# 11.2 Least Squares and Other Norm Minimization Problems¶

A frequently occurring problem in statistics and in many other areas of science is a norm minimization problem

(11.13)$\begin{split}\begin{array}{ll} \mbox{minimize} & \|F x - g\|,\\ \mbox{subject to} & Ax=b, \end{array}\end{split}$

where $$x\in\real^n$$ and of course we can allow other types of constraints. The objective can involve various norms: infinity norm, 1-norm, 2-norm, $$p$$-norms and so on.

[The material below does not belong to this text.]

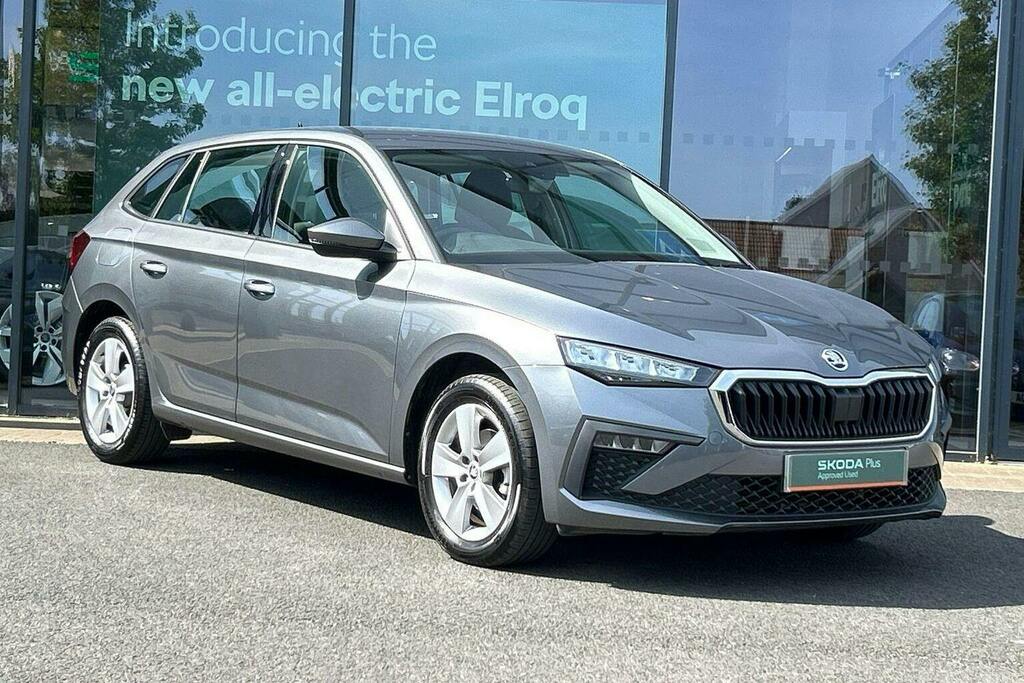 Skoda Scala 1.0 Tsi Se Hatchback Grey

For instance the most popular case of the 2-norm corresponds to the least squares linear regression, since it is equivalent to minimization of $$\|Fx-g\|_2^2$$.

## 11.2.1 Least squares, 2-norm¶

In the case of the 2-norm we specify the problem directly in conic quadratic form

(11.14)$\begin{split}\begin{array}{ll} \mbox{minimize} & t,\\ \mbox{subject to} & (t, Fx-g)\in\Q^{k+1}, \\ & Ax=b. \end{array}\end{split}$

The first constraint of the problem can be represented as an affine conic constraint. This leads to the following model.

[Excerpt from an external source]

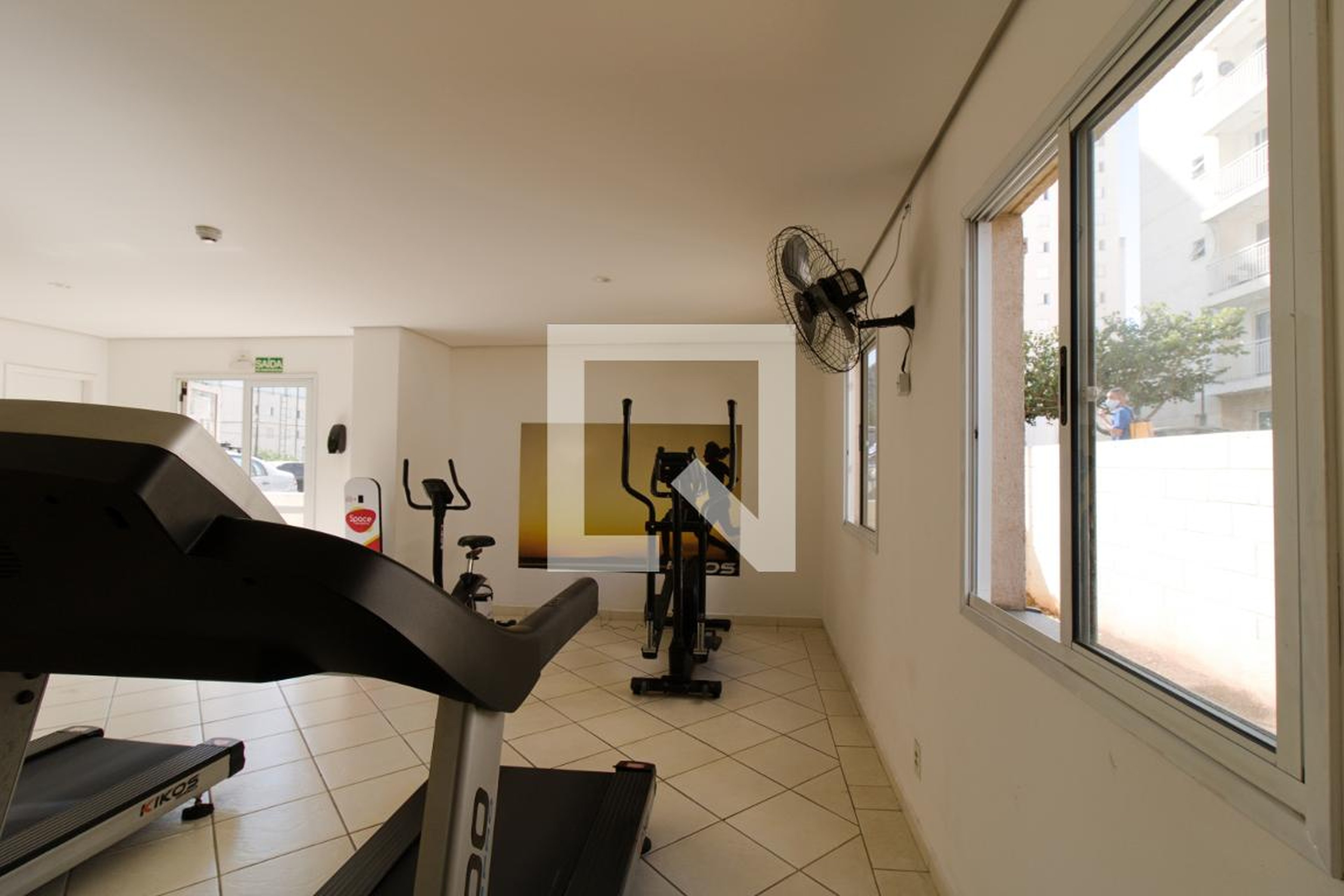 Academia - Residencial Parque das Orquídeas III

Listing 11.6 Script solving problem (11.14) Click here to download.
% Least squares regression
% minimize \|Fx-g\|_2
function x = norm_lse(F,g,A,b)
clear prob;
[r, res] = mosekopt('symbcon');
n = size(F,2);
k = size(g,1);
m = size(A,1);

% Linear constraints in [x; t]
prob.a   = [A, zeros(m,1)];
prob.buc = b;
prob.blc = b;
prob.blx = -inf*ones(n+1,1);
prob.bux = inf*ones(n+1,1);
prob.c   = [zeros(n,1); 1];

% Affine conic constraint
prob.f = sparse([zeros(1,n), 1; F, zeros(k,1)]);
prob.g = [0; -g];
prob.cones = [ res.symbcon.MSK_CT_QUAD k+1 ];

% Solve
[r, res] = mosekopt('minimize echo(0)', prob);
x = res.sol.itr.xx(1:n);
end


## 11.2.2 Ridge regularisation¶

Regularisation is classically applied to reduce the impact of outliers and to control overfitting. In the conic version of ridge (Tychonov) regression we consider the problem

(11.15)$\begin{split}\begin{array}{ll} \mbox{minimize} & \|F x - g\|_2+ \gamma\|x\|_2,\\ \mbox{subject to} & Ax=b, \end{array}\end{split}$

which can be written explicitly as

(11.16)$\begin{split}\begin{array}{ll} \mbox{minimize} & t_1+\gamma t_2,\\ \mbox{subject to} & (t_1, Fx-g)\in\Q^{k+1}, \\ & (t_2, x)\in\Q^{n+1},\\ & Ax=b. \end{array}\end{split}$

The implementation is a small extension of that from the previous section.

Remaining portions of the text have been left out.